▶ [About this task]: Each line of the data must be given back verbatim, with pictures removed.

▶ [Provided material]:
[Start of section]

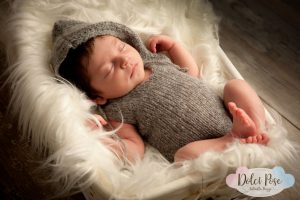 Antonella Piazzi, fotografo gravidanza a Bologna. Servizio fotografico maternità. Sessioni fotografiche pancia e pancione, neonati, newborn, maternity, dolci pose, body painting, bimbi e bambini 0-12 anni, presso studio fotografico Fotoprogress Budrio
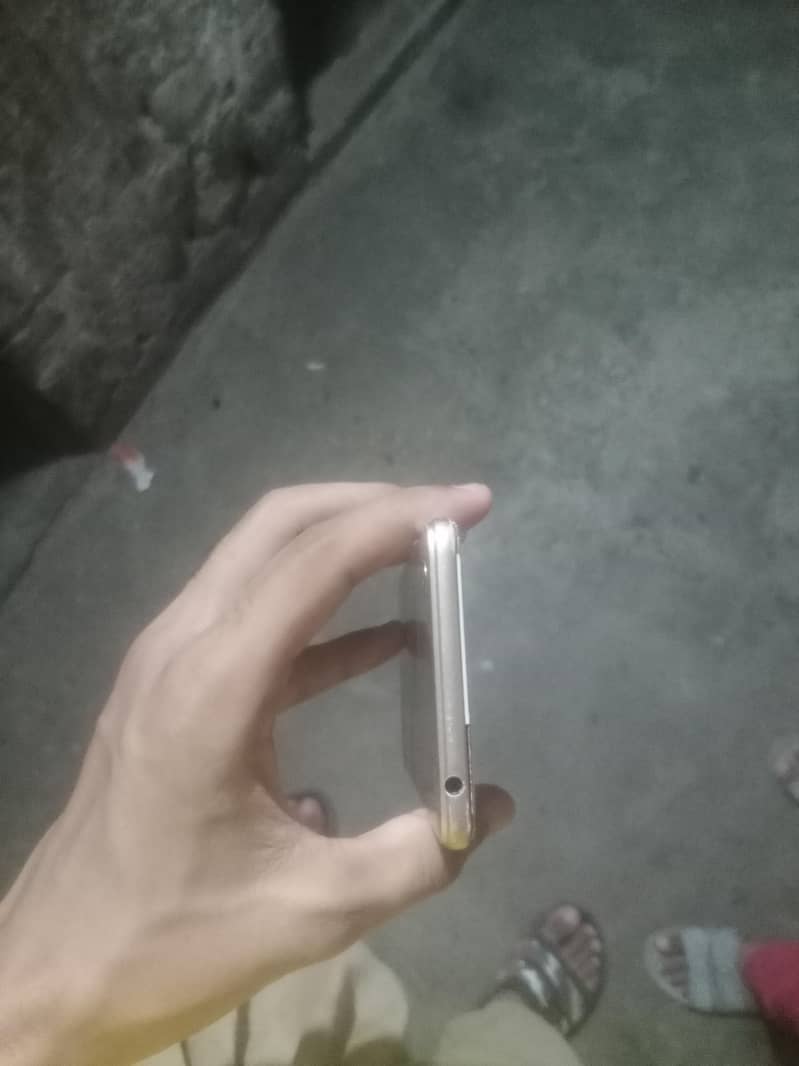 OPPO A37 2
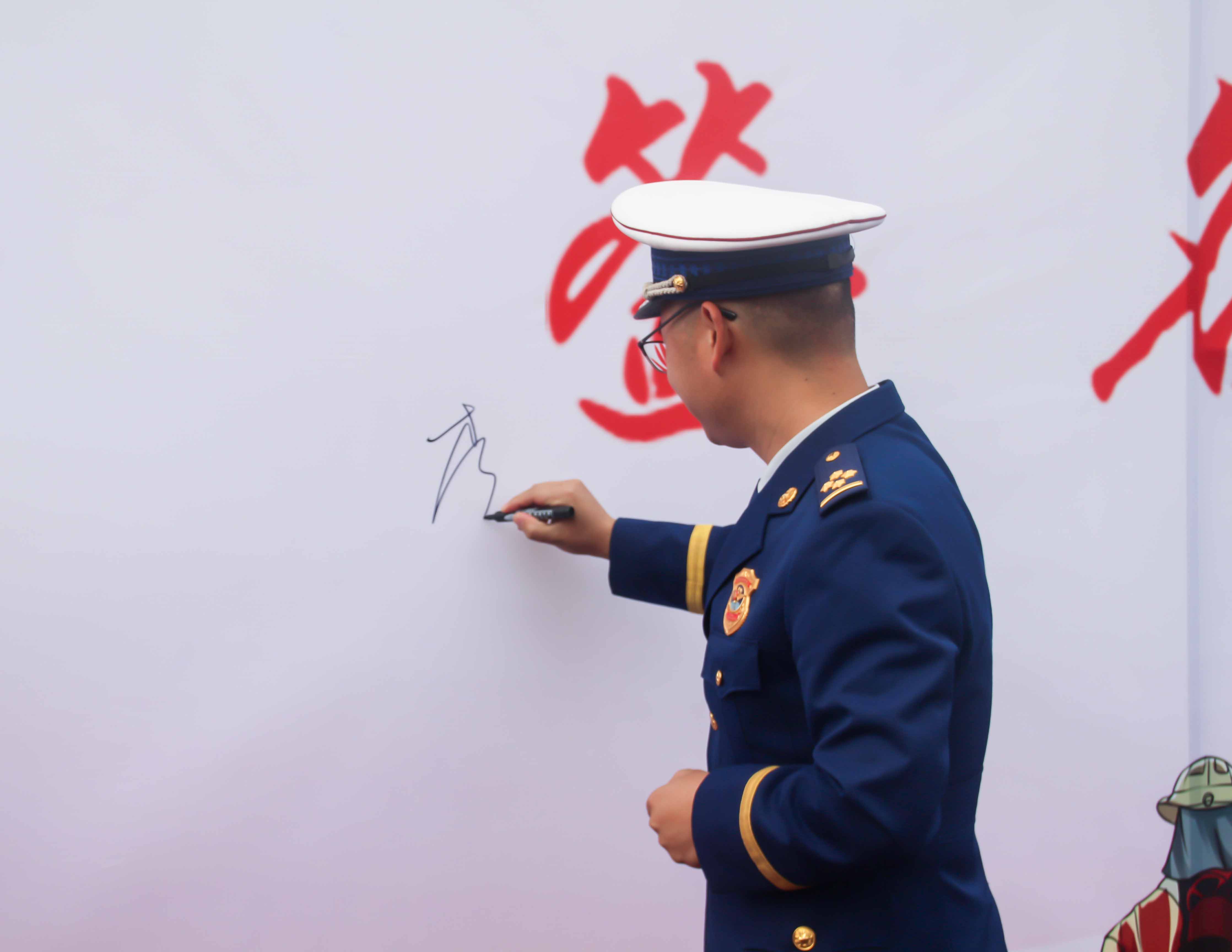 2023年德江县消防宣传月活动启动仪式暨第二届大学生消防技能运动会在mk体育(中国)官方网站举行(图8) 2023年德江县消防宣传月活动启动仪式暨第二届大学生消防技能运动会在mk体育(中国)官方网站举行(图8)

[End of section]

▶ [Solution to this task]:
 Antonella Piazzi, fotografo gravidanza a Bologna. Servizio fotografico maternità. Sessioni fotografiche pancia e pancione, neonati, newborn, maternity, dolci pose, body painting, bimbi e bambini 0-12 anni, presso studio fotografico Fotoprogress Budrio
 OPPO A37 2
 2023年德江县消防宣传月活动启动仪式暨第二届大学生消防技能运动会在mk体育(中国)官方网站举行(图8) 2023年德江县消防宣传月活动启动仪式暨第二届大学生消防技能运动会在mk体育(中国)官方网站举行(图8)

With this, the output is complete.